EXERCISE AIM | Please reproduce the entries exactly, skipping each picture.

RECORDS PROVIDED |
※

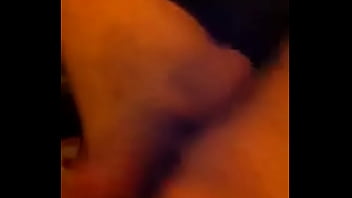 Apalpando a rola morena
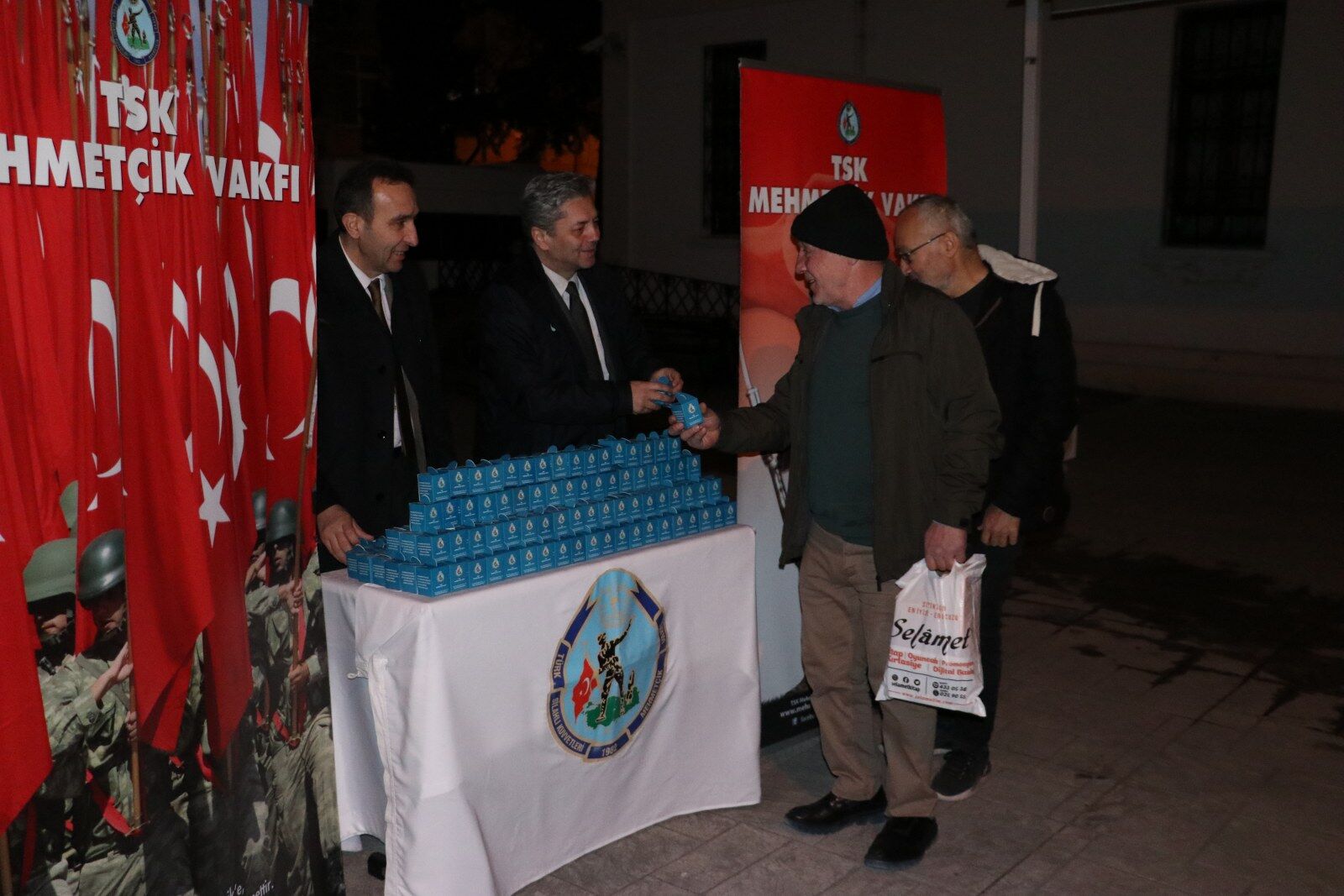 A A 20260318 40863909 40863905 T S K M E H M E T C I K V A K F I S A M S U N D A M E V L I T O K U T T U 1600X1067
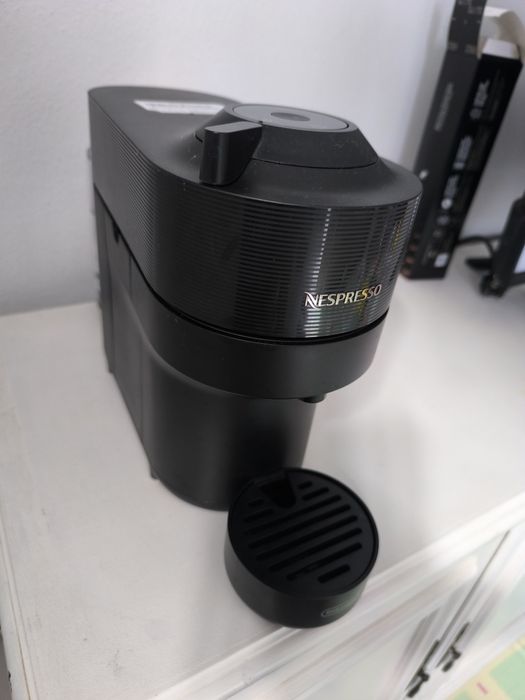 Máquina de Café Nespresso Vertuo Pop
Máquina de Café Nespresso Vertuo Pop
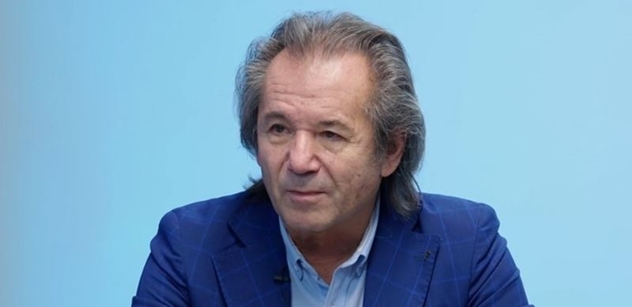 Spletli se, ale nemůžou to připustit. Šándor k vládě, která bude podporovat Ukrajinu až do konce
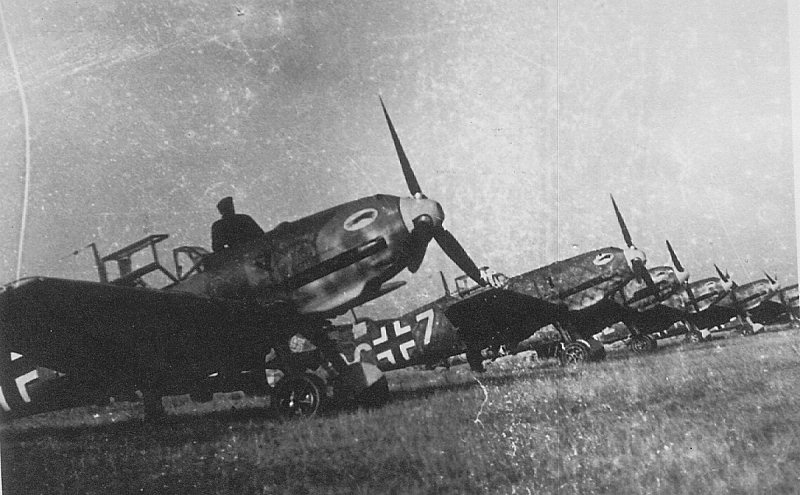 Bf 109 E, Jagdgeschwader 52, III. Gruppe, 9. Staffel, Deutschland, gelbe 7, Zerbst (Deutschland), Die Maschinen tragen das ab August 1940 eingeführte Gruppenzeichen, den "Wint…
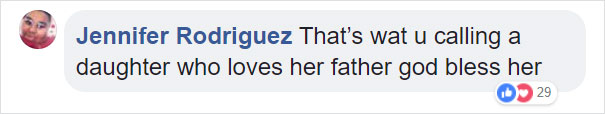 niña cuida padre paralizado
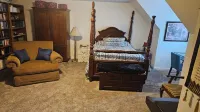 EXCLUSIVE LARGE 2 BEDROOM SUITE W/THEATER ROOM + KITCHEN Hotel dekat Brinsfield Row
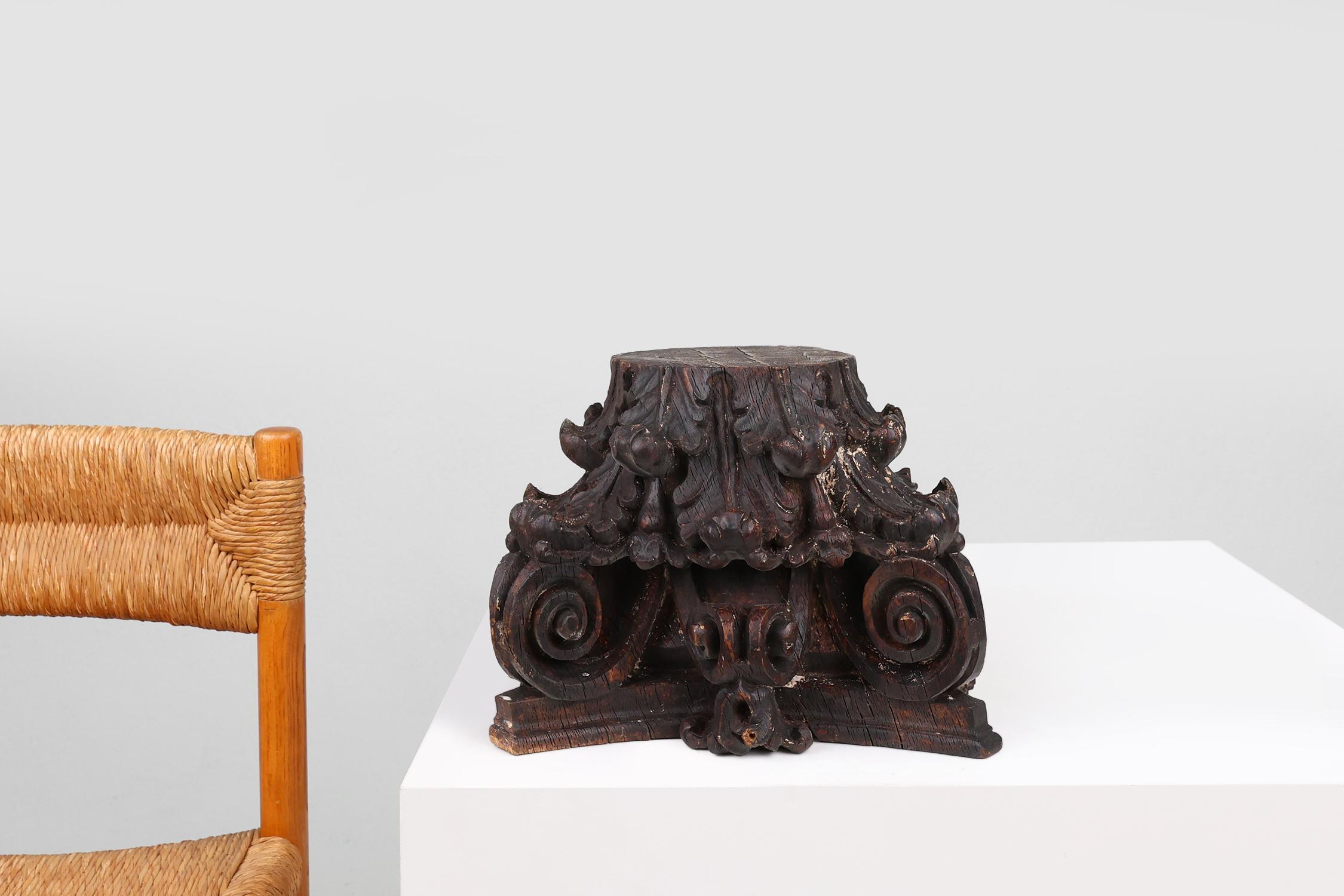 Frankreich / 1800 / Korinthische Säule / Eiche / Rustikal / Antik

※

REPLY |
 Apalpando a rola morena
 A A 20260318 40863909 40863905 T S K M E H M E T C I K V A K F I S A M S U N D A M E V L I T O K U T T U 1600X1067
 Máquina de Café Nespresso Vertuo Pop
Máquina de Café Nespresso Vertuo Pop
 Spletli se, ale nemůžou to připustit. Šándor k vládě, která bude podporovat Ukrajinu až do konce
 Bf 109 E, Jagdgeschwader 52, III. Gruppe, 9. Staffel, Deutschland, gelbe 7, Zerbst (Deutschland), Die Maschinen tragen das ab August 1940 eingeführte Gruppenzeichen, den "Wint…
 niña cuida padre paralizado
 EXCLUSIVE LARGE 2 BEDROOM SUITE W/THEATER ROOM + KITCHEN Hotel dekat Brinsfield Row
 Frankreich / 1800 / Korinthische Säule / Eiche / Rustikal / Antik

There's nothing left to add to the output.